Irvin Brown

Personal information
- Full name: Irvin Brown
- Date of birth: 20 September 1935
- Place of birth: Lewes, England
- Date of death: 20 November 2005 (aged 70)
- Place of death: Poole, England
- Height: 6 ft 3 in (1.91 m)
- Position(s): Centre half

Youth career
- Lewes St Mary's
- 1951–1952: Brighton & Hove Albion

Senior career*
- Years: Team / Apps / (Gls)
- 1952–1958: Brighton & Hove Albion / 3 / (0)
- 1958–1962: Bournemouth & Boscombe Athletic / 65 / (2)
- 1962–19??: Poole Town
- Hamworthy United

= Irvin Brown =

English footballer

Irvin Brown (20 September 1935 – 20 November 2005) was an English professional footballer who played as a centre half in the Football League for Brighton & Hove Albion and Bournemouth & Boscombe Athletic.
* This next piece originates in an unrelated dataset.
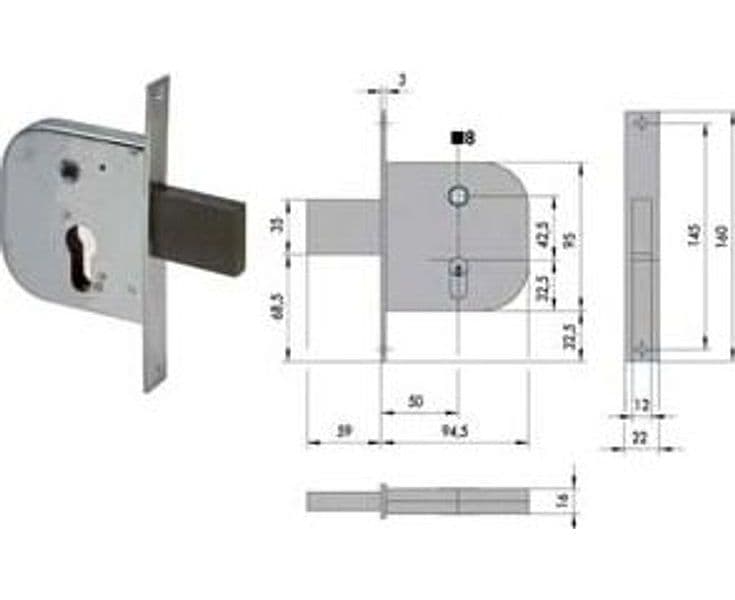 Serratura Infilare per Cancelli con Quadro Catenaccio e Scrocco 2 Cod 65443 – Cisa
He also played non-league football for Poole Town and Hamworthy United.

==Life and career==
Brown was born in 1935 in Lewes, Sussex, where he attended the local secondary modern school. He played football for Lewes St Mary's and represented East Sussex at schoolboy level; it was while playing schools football that he was spotted by Brighton & Hove Albion manager Don Welsh. After a trial, he was taken onto the club's ground staff in 1951 and signed professional forms on his 17th birthday in September 1952. National Service obligations and inability to dislodge captain Ken Whitfield from the centre-half position meant Brown did not make his senior debut until 9 November 1957, in a Third Division South match against Northampton Town. Albion won 4–2, and "the critics accorded him a fair share of the credit for ... their first victory at Northampton for 11 years", but he returned to the reserves for the next match. Whitfield was reported to have asked for a transfer the following month, but this came to nothing, and Brown appeared just twice more for Albion's first team before moving on after seven years with the club.
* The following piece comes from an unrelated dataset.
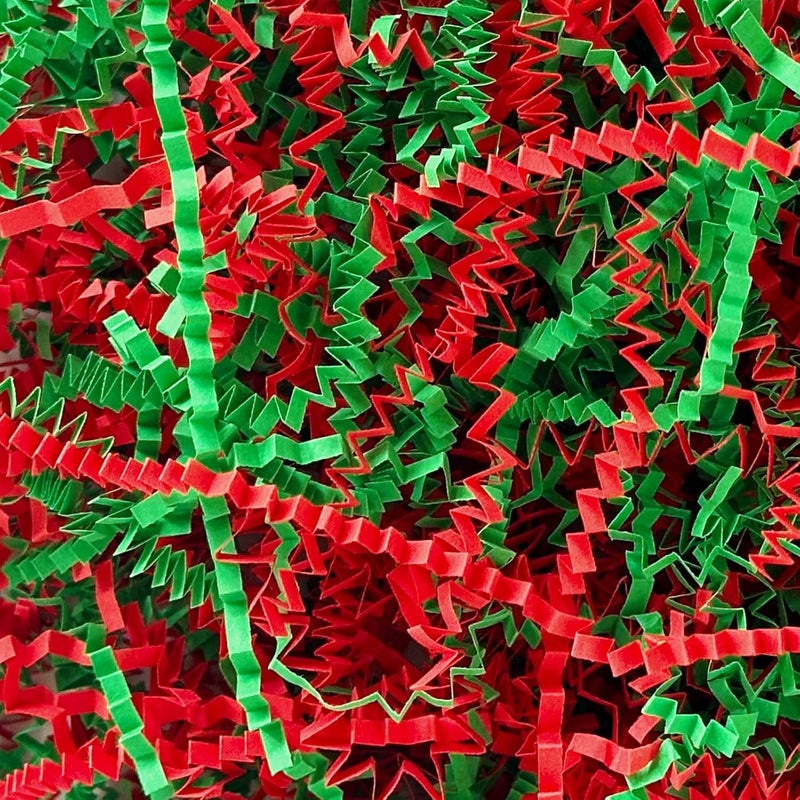 Corlcol 200g(7oz) Crinkle Paper Filler for Gift Baskets Box Confetti Paper Shreds Decoration Stuffing on Christmas (Red&Green) - Image 1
On 17 September 1958, Don Welsh signed Brown for a second time, for Third Division club Bournemouth & Boscombe Athletic. The following day, Brighton signed his brother Alan, also a centre half. Brown impressed immediately for Bournemouth: on his debut, the People described him as "a shining light [who] with the coolness of a veteran ... not only kept Higham in check but maintained complete command of the middle". He went on to play 65 Third Division matches for Bournemouth before joining Poole Town of the Southern League in 1962.

He remained at Poole for several years, and was for a long time associated with nearby Hamworthy United, as player, manager and physiotherapist. After his death, the Hamworthy club set up a trust fund to raise money to build a stand in his memory, and since then have held an annual Irvin Brown Day to raise funds for the club.
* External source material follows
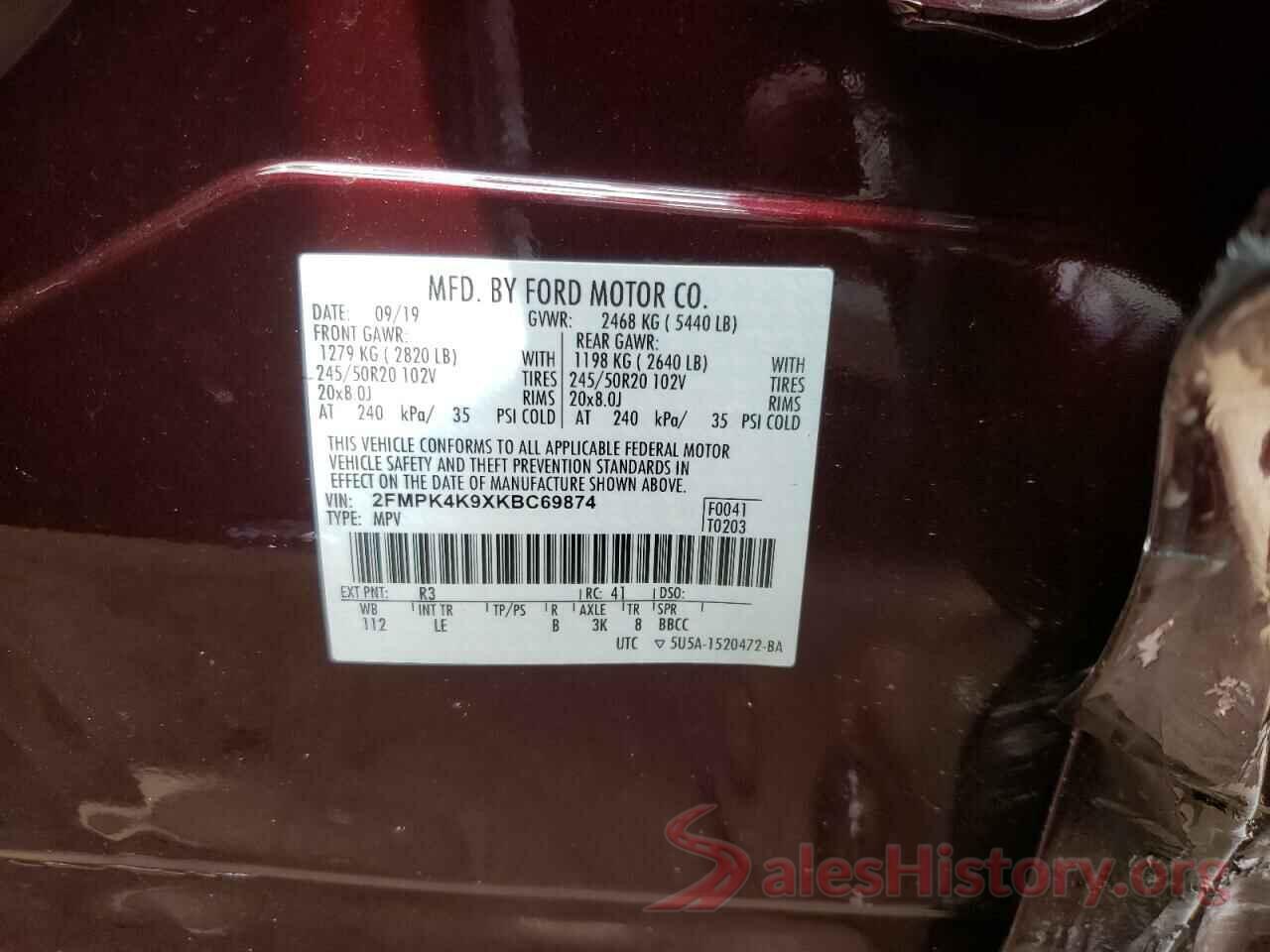 2FMPK4K9XKBC69874 2019 FORD EDGE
Brown was one of six brothers who all played football; two younger brothers, Alan and Stan, played at Football League level. He married Sheila Walter in 1956. By the time he signed for Bournemouth, the couple had a daughter. After giving up full-time football, he remained in the Poole, Dorset, area where he worked as a carpenter and where he died in 2005 at the age of 70.